Programming has a very unfair reputation for being an unimaginative, mechanical discipline - but if you're a programmer you know that's not true, and also that a programmer's work can bear the imprint of the programmer's creative personality as strongly as that of any other writer.
What's more, programmers enjoy playing with and exploring language in much the same way that poets do - turning it upon itself, referring it to itself, and taking pleasure in what's revealed.
There are some notable writers, artists and musicians whose work programmers always seem to find fascinating when they encounter it. The way programmers think makes them especially ready to understand and appreciate the intersection of rules, processes and play that characterises this work.
I'll discuss writers including Ulises Carrión and the Oulipo group, and show how what they do overlaps with what programmers do. I'll also demonstrate some Python programs I've developed that explore texts and language in the same playful way that the writers do, and invite the audience to develop this further.

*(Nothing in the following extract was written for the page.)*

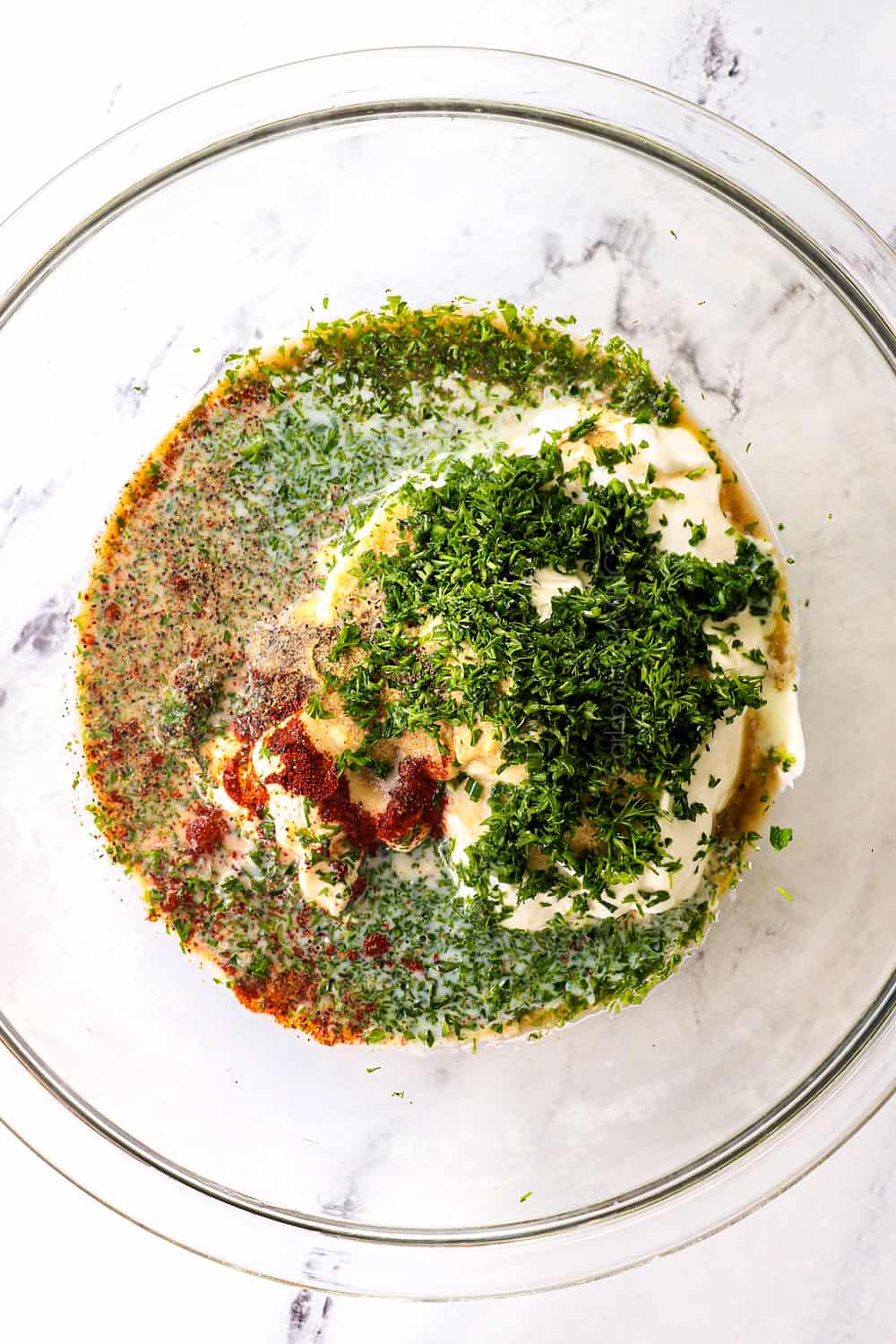 showing how to make garden salad by whisking all of the salad dressing ingredients together in a bowl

An especially important construct I'm interested in is the loop, which is found in very similar ways at the heart of much programmer's play and in the work of the writers and artists I'm discussing.
In programming the loop - a tightly-repeated, often self-referential structure - is a concrete example of a concept that finds employment in the work of thinkers like Douglas Hofstadter. For Hofstadter, loops - in language, logic, processes, music, computation, art and elsewhere - are key to understanding the nature of thought and meaning.

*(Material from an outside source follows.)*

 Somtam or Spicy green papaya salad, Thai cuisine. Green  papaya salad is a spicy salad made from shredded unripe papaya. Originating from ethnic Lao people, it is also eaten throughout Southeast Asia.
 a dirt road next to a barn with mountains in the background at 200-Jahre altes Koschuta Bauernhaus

I'll show how we can explore some of these ideas, again with the help of simple Python programs and poetry (including Ulises Carrión's almost maddening First Spanish Lesson).
Finally, I want to consider writing programs and poetry as a discipline. The discipline of the aspiring programmer in fact is not so far from that of the creative writer. Even more striking is how the hardest-to-learn lessons of successful writing are the ones that programmers learn right from the start - and why the aspiring creative writer can learn a lot from how programmers work.